Howdy All, a few Interesting Items for your information. Enjoy –
In this issue –
4. MT Lawsuit
1. Maui. Alternate title to this ought to be Death by Government, as an overly powerful and intrusive government is ultimately deadly. Worse, the deadliness is related more to the simple banality of evil than actual focused, bad intent. Here in the US, it is almost always related to mind numbing, stupefying incompetence, typically long-term, democrat cities and states. Why? There are only so many brain cells to go around. When they are being used to do foolish things, there is little brain power left to apply to things that actually do matter. To set up the following discussion of the Maui fires, I return to aviation accident investigations, that of identifying the chain of events. The chain of events is a sequential list of things that had to happen for the aircraft to crash. The thinking is that if you disrupt that chain anywhere, cause one thing not to happen when it did happen, no accident. Of course, in the real world, if you disrupt a chain, there is always another link forged that will complete the chain, and something awful will eventually happen. So, let’s take a look at the Maui fires and see if we can identify any links in the chain. Interestingly, all of these links have some sort of government involvement, taking us full circle back to Death by Government.

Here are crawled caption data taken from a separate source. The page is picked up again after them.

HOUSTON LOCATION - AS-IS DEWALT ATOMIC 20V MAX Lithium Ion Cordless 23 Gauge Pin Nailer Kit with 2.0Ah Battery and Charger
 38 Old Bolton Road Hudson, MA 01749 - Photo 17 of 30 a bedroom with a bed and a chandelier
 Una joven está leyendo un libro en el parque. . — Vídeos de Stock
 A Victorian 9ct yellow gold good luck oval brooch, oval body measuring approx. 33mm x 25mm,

- What happened? August was a really rough month across Hawaii with multiple wildfires breaking out. Most were contained by Aug 4. The fires on Maui were driven by a strong, gusty, dry downslope wind. Wind warnings were issued on Aug 7. Fuel for the fires on Maui were grasses that had grown on abandoned pineapple plantations, which were in turn grew wild in a wet spring. The dry downslope winds dried the grass, downed powerlines with gusts around 100 kph, sparked the conflagration, which was driven downslope into the seaside town of Lahaina. WUWT had a pretty good explanation of how this sort of mountain wave worked. We see this sort of thing here in ANC and California with downslope Chinook winds driving wildfires. The first government failure was the lack of a reasonable weather forecasting network and modeling on Maui. Such a capability existed on the Big Island and Oahu, but Maui somehow never got the word.

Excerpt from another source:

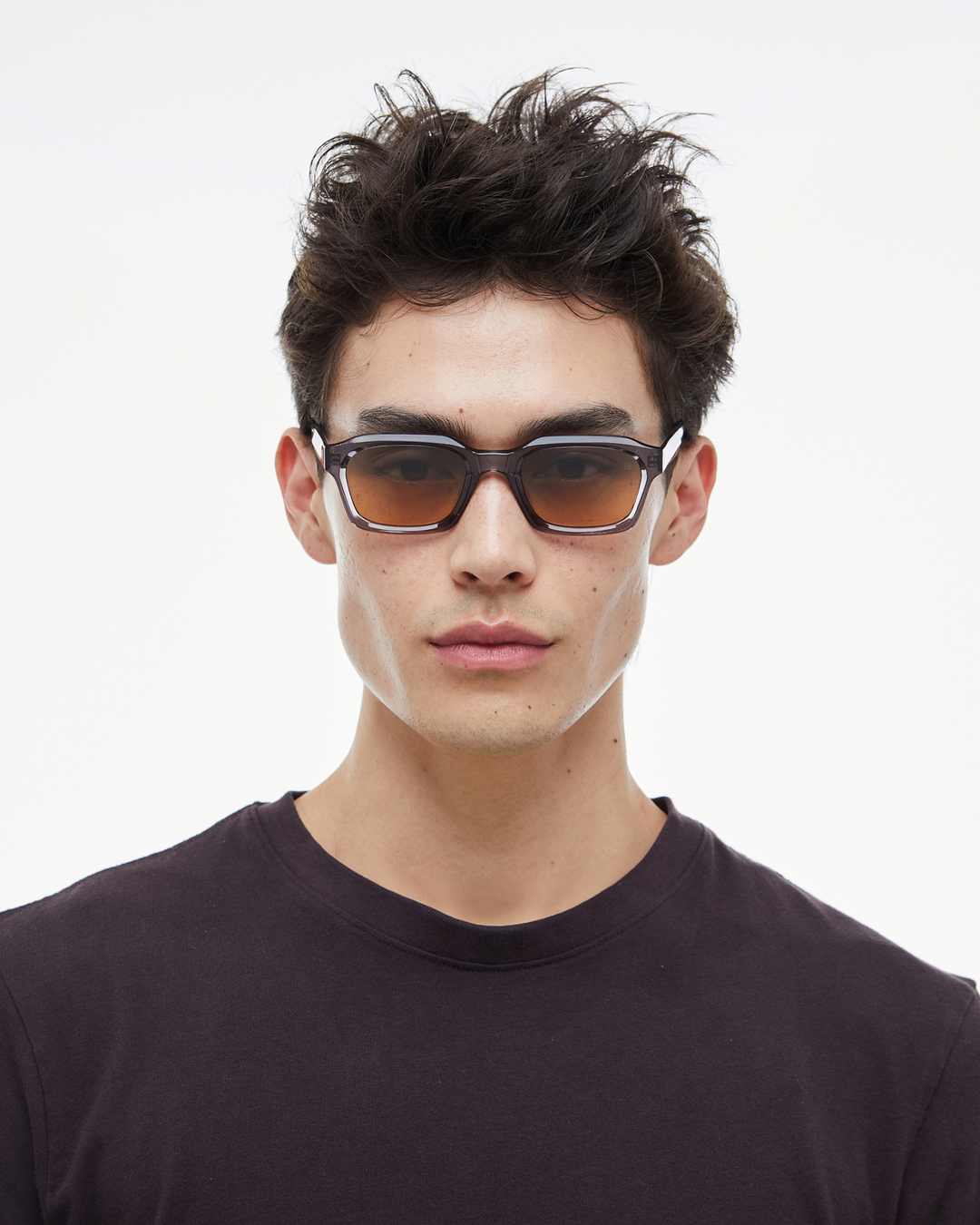 Man wearing Saguaro gray square sunglasses with gradient orange-to-blue lenses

- Once the fires were alive, awake, and being driven into town, local government officials decided not to use their tsunami warning siren network. Reason? They were afraid the warning would drive fleeing residents into the flames. Why? The network had never been used to provide anything other than tsunami warning, another government failure of vision. Response to a tsunami warning? Get as high above sea level as possible. This is government failure number two. Why? Once you have a siren network, you can use it for more than one thing. All you have to do is modulate the sound, say a constant pitch for tsunami and a variable pitch for anything else. Public education is important here also, as if you are going to use the system for more than one thing, tell the public what that second or third reason is going to be and what their expected response is going to be.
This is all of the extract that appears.